→ **Task description**
Make an exact transcript of the lines in the data below, starting with the one containing "Mercedes-benz C Class" and going on through the one containing "Asfasfq - logitech", with both included and the pictures left out.

::: Input :::

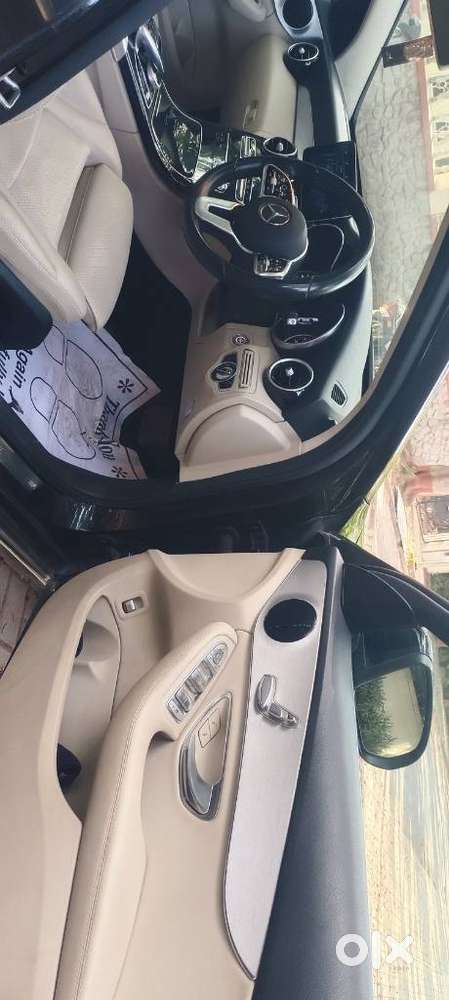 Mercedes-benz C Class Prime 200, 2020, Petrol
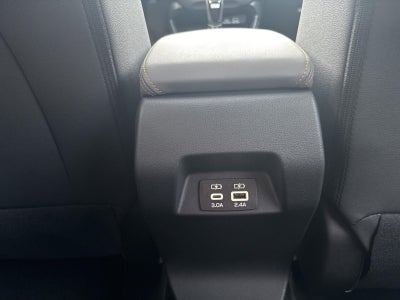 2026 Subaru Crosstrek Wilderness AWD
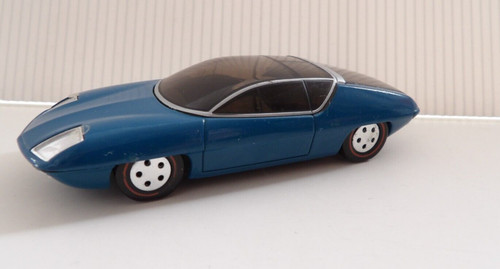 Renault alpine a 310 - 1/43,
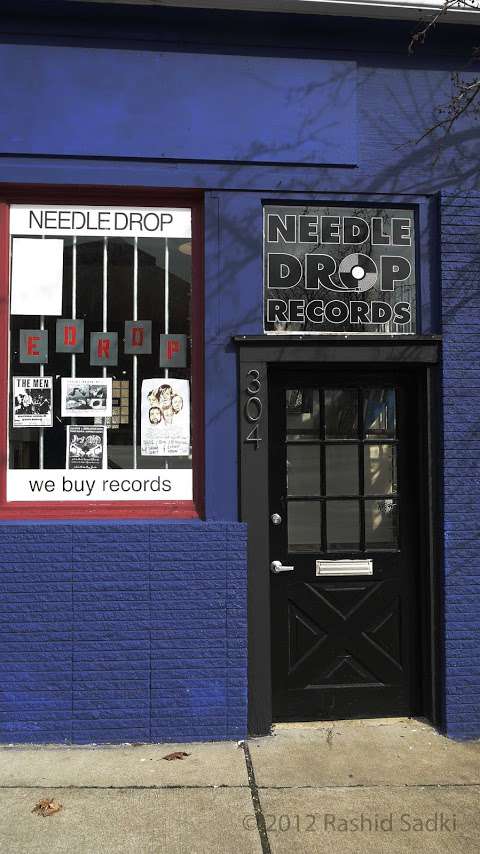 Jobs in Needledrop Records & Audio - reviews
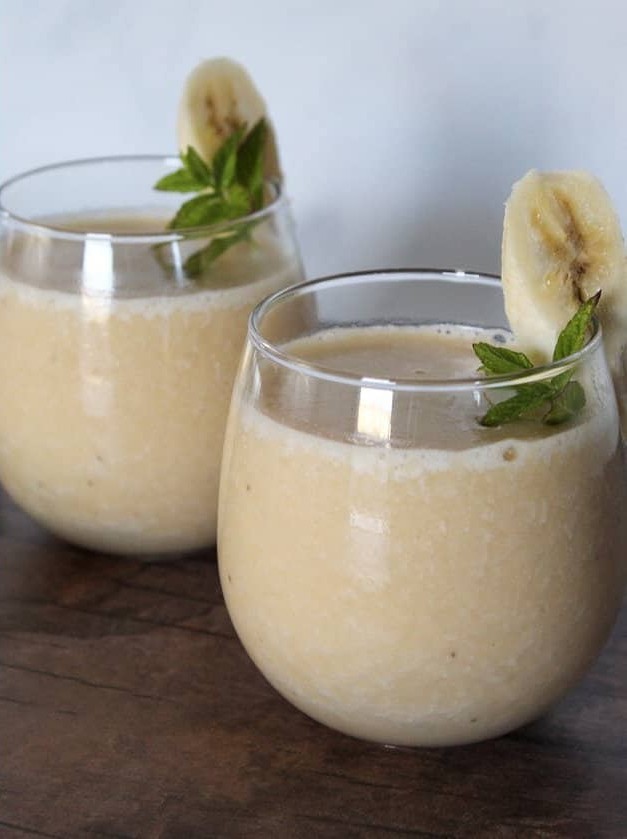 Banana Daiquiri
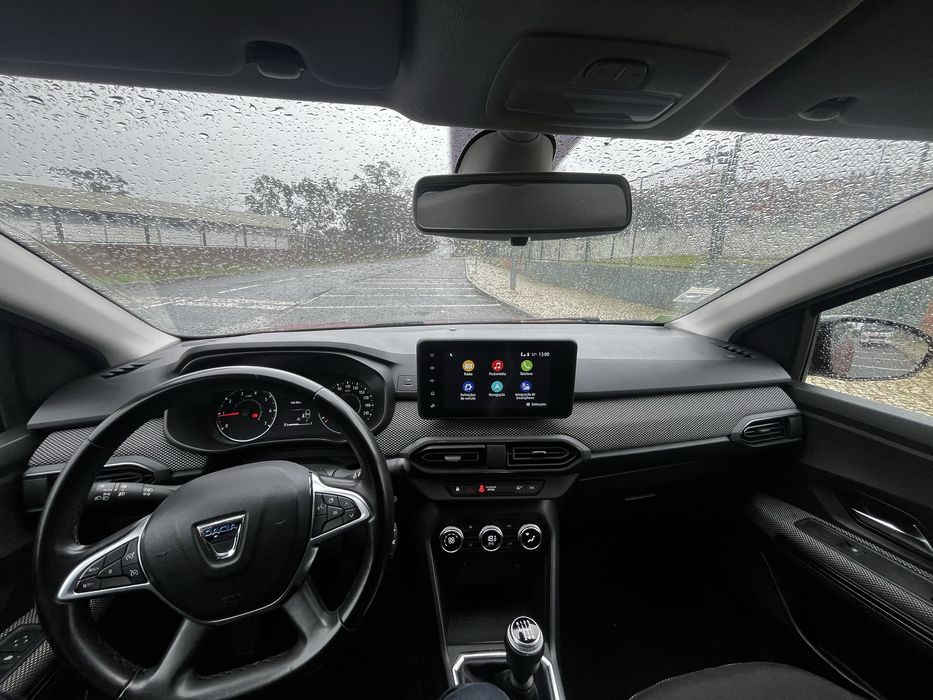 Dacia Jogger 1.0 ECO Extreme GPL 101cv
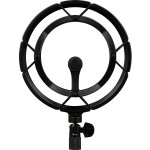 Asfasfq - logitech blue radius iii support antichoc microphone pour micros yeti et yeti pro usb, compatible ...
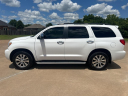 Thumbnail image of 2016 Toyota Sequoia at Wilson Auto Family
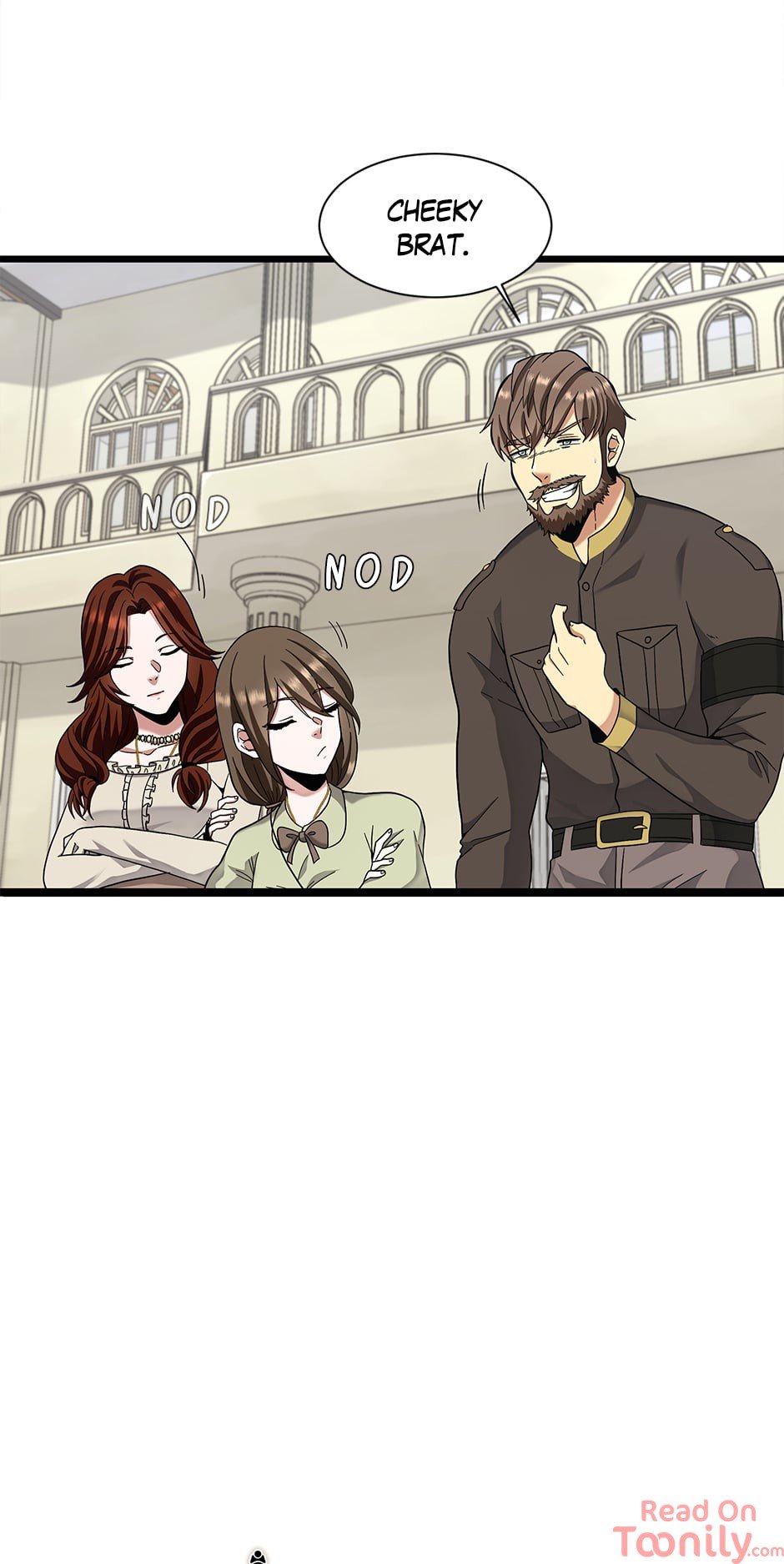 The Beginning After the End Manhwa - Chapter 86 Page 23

:::
::: Input :::

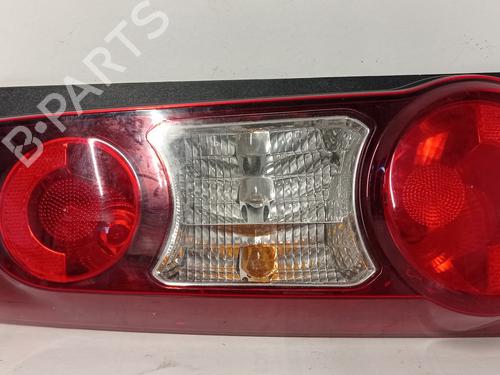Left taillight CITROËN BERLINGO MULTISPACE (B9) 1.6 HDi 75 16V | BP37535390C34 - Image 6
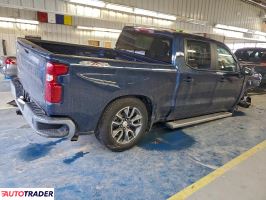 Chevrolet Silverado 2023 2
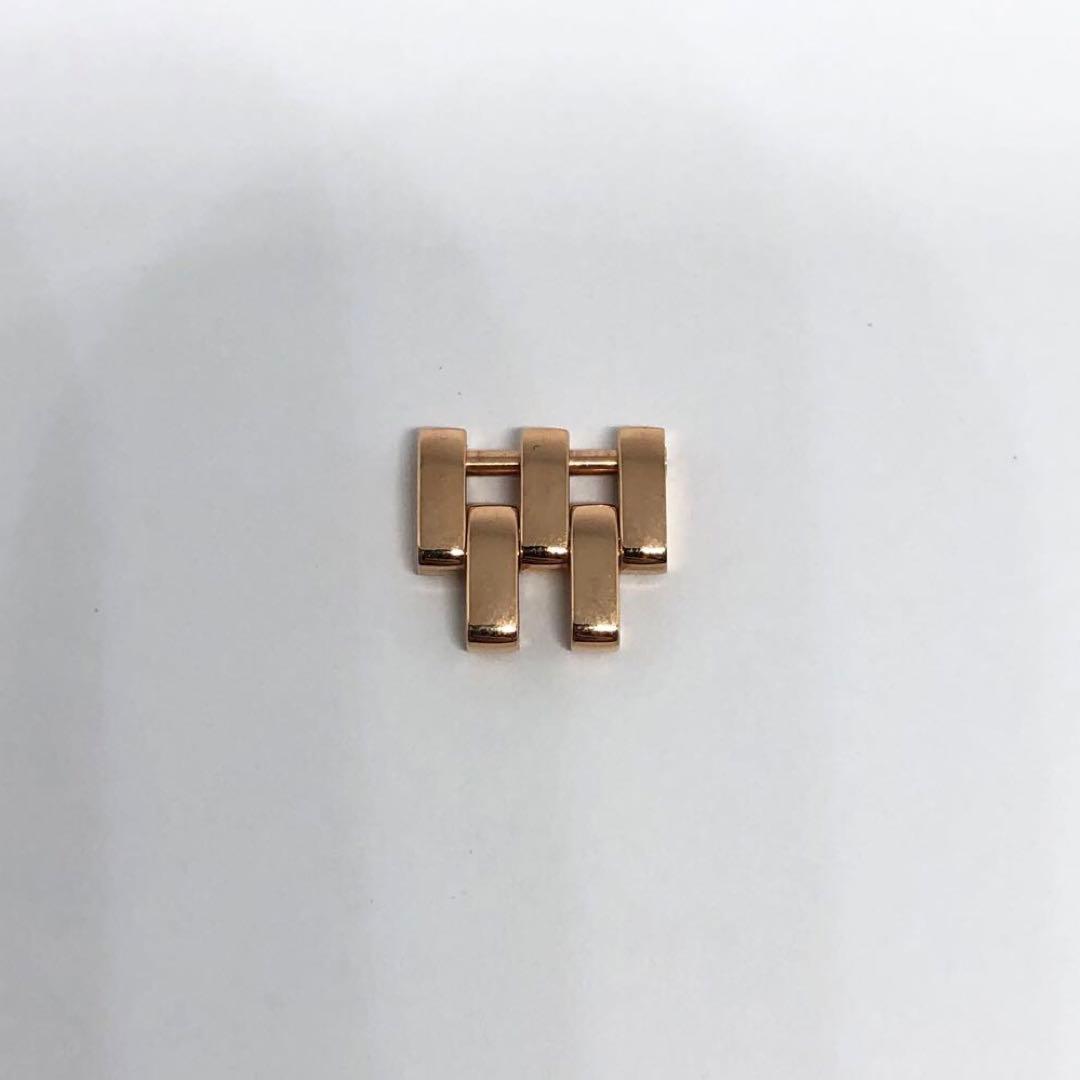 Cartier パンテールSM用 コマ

:::

→ **Answer area**
 Mercedes-benz C Class Prime 200, 2020, Petrol
 2026 Subaru Crosstrek Wilderness AWD
 Renault alpine a 310 - 1/43,
 Jobs in Needledrop Records & Audio - reviews
 Banana Daiquiri
 Dacia Jogger 1.0 ECO Extreme GPL 101cv
 Asfasfq - logitech blue radius iii support antichoc microphone pour micros yeti et yeti pro usb, compatible ...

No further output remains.